Chapter 1: Modelling Power System Components

Development of Modern Power System - A Brief Historical Preview

The development of the modern day electrical energy system took a few centuries. Prior to 1800, scientists like William Gilbert, C. A. de Coulomb, Luigi Galvani, Benjamin Franklin, Alessandro Volta etc. worked on electric and magnetic field principles. However, none of them had any application in mind. They also probably did not realize that their work will lead to such an exciting engineering innovation. They were just motivated by the intellectual curiosity.

Between 1800 and 1810 commercial gas companies were formed - first in Europe and then in North America. Around the same time with the research efforts of scientists like Sir Humphrey Davy, Andre Ampere, George Ohm and Karl Gauss the exciting possibilities of the use of electrical energy started to dawn upon the scientific community.

In England, Michael Faraday worked on his induction principle between 1821 and 1831. The modern world owes a lot to this genius. Faraday subsequently used his induction principle to build a machine to generate voltage. Around the same time American engineer Joseph Henry also worked independently on the induction principle and applied his work on electromagnets and telegraphs.

For about three decades between 1840 and 1870 engineers like Charles Wheatstone, Alfred Varley, Siemens brothers Werner and Carl etc. built primitive generators using the induction principle. It was also observed around the same time that when current carrying carbon electrodes were drawn apart, brilliant electric arcs were formed. The commercialization of arc lighting took place in the decade of 1870s. The arc lamps were used in lighthouses and streets and rarely indoor due to high intensity of these lights. Gas was still used for domestic lighting. It was also used for street lighting in many cities.
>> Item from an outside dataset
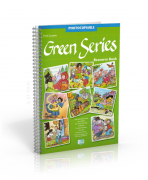Green Series -Photocopiable Resource Book Green Series -Photocopiable Resource Book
From early 1800 it was noted that a current carrying conductor could be heated to the point of incandescent. Therefore the idea of using this principle was very tempting and attracted attention. However the incandescent materials burnt very quickly to be of any use. To prevent them from burning they were fitted inside either vacuum globes or globes filled with inert gas. In October 1879 Thomas Alva Edison lighted a glass bulb with a carbonized cotton thread filament in a vacuum enclosed space. This was the first electric bulb that glowed for 44 hours before burning out. Edison himself improved the design of the lamp later and also proposed a new generator design.

The Pearl Street power station in New York City was established in 1882 to sell electric energy for incandescent lighting. The system was direct current three-wire, 220/110 V and supplied Edison lamps for a total power requirement of 30 kW.

The only objective of the early power companies was illumination. However we can easily visualize that this would have resulted in the under utilization of resources. The lighting load peaks in the evening and by midnight it reduces drastically. It was then obvious to the power companies that an elaborate and expensive set up would lay idle for a major amount of time. This provided incentive enough to improve upon the design of electric motors to make them commercially viable. The motors became popular very quickly and were used in many applications. With this the electric energy era really and truly started.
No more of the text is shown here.